Edit #2: Supposedly Windows Update KB3004394 for Windows 7 which was rolled out not too long ago is at the heart of many of Catalyst Omega's installation issues. This update affects driver installation in general (be it NVIDIA, Intel or other drivers) so the issues aren't AMD-specific. Microsoft has pulled the update and recommends that users uninstall it.


When there’s talk about AMD’s graphics cards in our forums, the subject of lackluster driver stability and game support always comes up. The reports of crashes, installation problems, sub-par Crossfire scaling, stuttering and various other issues litter online forums like confetti at a wedding party. But now AMD is addressing their previous software shortcomings with a new driver dubbed simply “Omega”.

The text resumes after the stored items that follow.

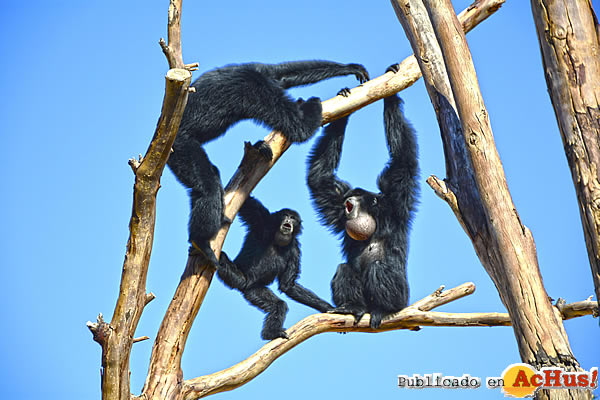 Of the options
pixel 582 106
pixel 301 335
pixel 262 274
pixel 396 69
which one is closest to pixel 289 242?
pixel 262 274

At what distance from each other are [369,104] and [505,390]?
4421 mm

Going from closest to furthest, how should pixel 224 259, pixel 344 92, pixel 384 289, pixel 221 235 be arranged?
pixel 221 235
pixel 224 259
pixel 384 289
pixel 344 92

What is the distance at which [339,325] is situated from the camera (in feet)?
24.8

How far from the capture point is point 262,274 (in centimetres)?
779

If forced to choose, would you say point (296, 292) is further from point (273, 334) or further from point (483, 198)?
point (483, 198)

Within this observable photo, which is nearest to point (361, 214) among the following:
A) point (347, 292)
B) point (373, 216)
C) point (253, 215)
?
point (373, 216)

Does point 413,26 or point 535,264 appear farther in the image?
point 413,26

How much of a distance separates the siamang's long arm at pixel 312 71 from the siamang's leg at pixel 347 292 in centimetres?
265

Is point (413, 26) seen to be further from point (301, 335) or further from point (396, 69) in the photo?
point (301, 335)

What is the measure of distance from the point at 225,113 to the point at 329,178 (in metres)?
2.18

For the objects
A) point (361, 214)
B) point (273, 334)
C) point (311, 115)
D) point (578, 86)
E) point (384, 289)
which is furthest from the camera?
point (361, 214)

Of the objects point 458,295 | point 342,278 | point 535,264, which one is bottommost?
point 535,264

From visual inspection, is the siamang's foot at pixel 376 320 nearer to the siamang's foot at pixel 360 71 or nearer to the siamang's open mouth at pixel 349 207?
the siamang's open mouth at pixel 349 207

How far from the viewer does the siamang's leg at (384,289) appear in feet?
25.3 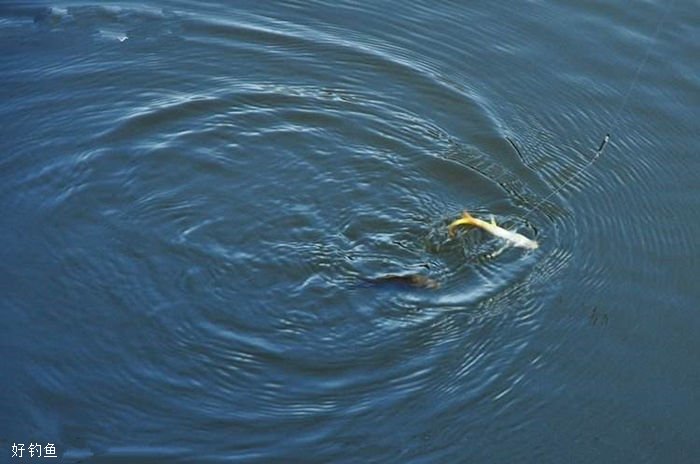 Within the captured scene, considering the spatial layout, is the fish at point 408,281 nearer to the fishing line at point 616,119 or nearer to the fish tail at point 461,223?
the fish tail at point 461,223

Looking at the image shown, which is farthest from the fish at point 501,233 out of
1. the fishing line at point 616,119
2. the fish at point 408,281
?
the fish at point 408,281

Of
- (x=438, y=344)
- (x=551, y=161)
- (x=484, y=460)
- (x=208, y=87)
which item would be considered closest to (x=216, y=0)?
(x=208, y=87)

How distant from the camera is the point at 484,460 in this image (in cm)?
623

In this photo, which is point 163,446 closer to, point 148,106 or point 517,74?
point 148,106

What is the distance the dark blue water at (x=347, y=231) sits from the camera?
641 centimetres

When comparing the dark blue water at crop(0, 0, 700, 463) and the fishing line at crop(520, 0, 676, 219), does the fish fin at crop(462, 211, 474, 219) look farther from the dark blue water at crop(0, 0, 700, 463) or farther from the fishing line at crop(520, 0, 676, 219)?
the fishing line at crop(520, 0, 676, 219)

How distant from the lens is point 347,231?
7.50 metres

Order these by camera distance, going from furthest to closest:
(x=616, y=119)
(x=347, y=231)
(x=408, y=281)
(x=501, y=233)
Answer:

Omega is, in part, an admittance by AMD that previous driver iterations could have been much better. While NVIDIA isn’t immune to latent driver problems, the negativity surrounding the Catalyst package directly impacted AMD’s ability to sell graphics cards and APUs. As they say, when something could drastically affect a company’s bottom line, it gets taken care of right away.

The history behind the Omega driver is actually an interesting one considering many of AMD’s previous staffing cuts bit deeply into their driver development and quality assurance teams. Things started to change when Ari Rauch took over as Corporate Vice President of Software Development and instilled a refreshed focus towards application quality and stability. Coming from Texas Instruments, a company that requires a spotless record in this field due to their presence in healthcare and high end industrial markets, he identified areas for immediate improvement and the Omega driver is the first step towards making the software and hardware marriage work better than it did. Make no mistake about it though: AMD’s various pieces of software functioned perfectly well but there was plenty of room for improvement.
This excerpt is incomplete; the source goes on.